In 2010, Woong-chul Yang was leading Hyundai-Kia Motors R&D in global competition with Toyota and Ford on plug-in hybrid and fuel cell cars that many believe could be the first full-blown replacement for internal combustion cars.

In late 2011, Hyundai Motor Group unveiled two innovative engines at the company’s annual powertrain conference held in Korea. The Gamma 1.6 T-GDI engine and Euro6 R-2.0 diesel engine represented the latest innovations to come from Hyundai’s in-house powertrain development program led by Woongchul Yang. The Gamma 1.6 T-GDI engine, which was developed over a period of 52 months and cost $58.9 million (69.5 billion won), achieves the best performance figures in its tough and competitive class. Meeting California’s stringent ULEV-2 (Ultra-Low Emission Vehicle) as well as Euro5 standards, the engine also outperforms its rivals. By introducing the Euro6 R-2.0 diesel engine, Hyundai Motor is expected to lead the eco-friendly passenger car diesel engine technology field, satisfying the standards more than two years ahead of their implementation.

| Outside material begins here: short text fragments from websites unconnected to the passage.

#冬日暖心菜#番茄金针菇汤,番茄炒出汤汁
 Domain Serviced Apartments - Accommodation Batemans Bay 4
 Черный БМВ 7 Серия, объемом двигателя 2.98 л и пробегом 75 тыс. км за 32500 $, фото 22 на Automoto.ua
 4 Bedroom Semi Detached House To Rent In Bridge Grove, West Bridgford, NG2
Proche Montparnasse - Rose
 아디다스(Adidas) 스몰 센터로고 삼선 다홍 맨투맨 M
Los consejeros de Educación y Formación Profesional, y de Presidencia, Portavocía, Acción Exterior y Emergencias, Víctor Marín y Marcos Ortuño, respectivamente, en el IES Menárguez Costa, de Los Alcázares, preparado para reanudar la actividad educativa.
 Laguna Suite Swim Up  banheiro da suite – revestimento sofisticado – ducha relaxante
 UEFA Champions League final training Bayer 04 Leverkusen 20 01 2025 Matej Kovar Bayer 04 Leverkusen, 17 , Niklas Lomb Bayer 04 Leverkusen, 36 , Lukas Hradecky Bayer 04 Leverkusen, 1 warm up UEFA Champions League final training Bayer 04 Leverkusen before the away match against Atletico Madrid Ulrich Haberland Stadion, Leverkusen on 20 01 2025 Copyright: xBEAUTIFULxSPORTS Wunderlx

“Due to stricter environmental regulations and policies that vary from nation to nation, competition in the development of powertrains and other core technologies is intensifying,” said Woong-chul Yang, Hyundai Motor Company vice chairman. “Hyundai Motor will accelerate its efforts to develop future powertrains that feature high-performance and eco-friendly engines and transmissions.”

Woong-chul Yang speaking at dedication of Hyundai Center at UC Davis, joined by Case van Dam (left), chair of the Department of Mechanical and Aerospace Engineering, and Enrique J. Lavernia (middle), dean of the UC Davis College of Engineering.

Woong-chul Yang speaking at dedication of Hyundai Center at UC Davis, joined by Case van Dam (left), chair of the Department of Mechanical and Aerospace Engineering, and Enrique J. Lavernia (middle), dean of the UC Davis College of Engineering.

In 2012, Hyundai Motor Group signed a memorandum of understanding (MOU) with four Northern European countries (Norway, Sweden, Denmark and Iceland) to operate a test fleet of Fuel Cell Electric Vehicles (FCEV) in the European market, paving the way to showcase the company’s competitiveness in eco-friendly vehicles.

“We look forward to demonstrating our advanced eco-friendly technology in Northern Europe, which has great hydrogen infrastructure,” said Woong-chul Yang. “This agreement will be a stepping stone for the Hyundai Motor Group to lead the FCEV market in Europe.”

In 2012, Hyundai Motor Company signed a Memorandum of Understanding (MOU) with Intel Korea and C&S Technology, Ltd. to jointly develop solutions that provide both drivers and passengers with enhanced in-vehicle experiences such as location-based and social network services. “The demand for smart cars is on the rise in Korea—a powerful IT country,” said Hyundai Vice Chairman Woong-Chul Yang. “Hyundai will develop in-vehicle infotainment systems that incorporate changes in digital lifestyles and maximise customer convenience in cooperation with Intel and C&S Technology.”

As a top-tier leader at Hyundai Motor Company, Woong-chul Yang has demonstrated exceptional advancement in his profession and creative problem-solving in the highly competitive global automobile market.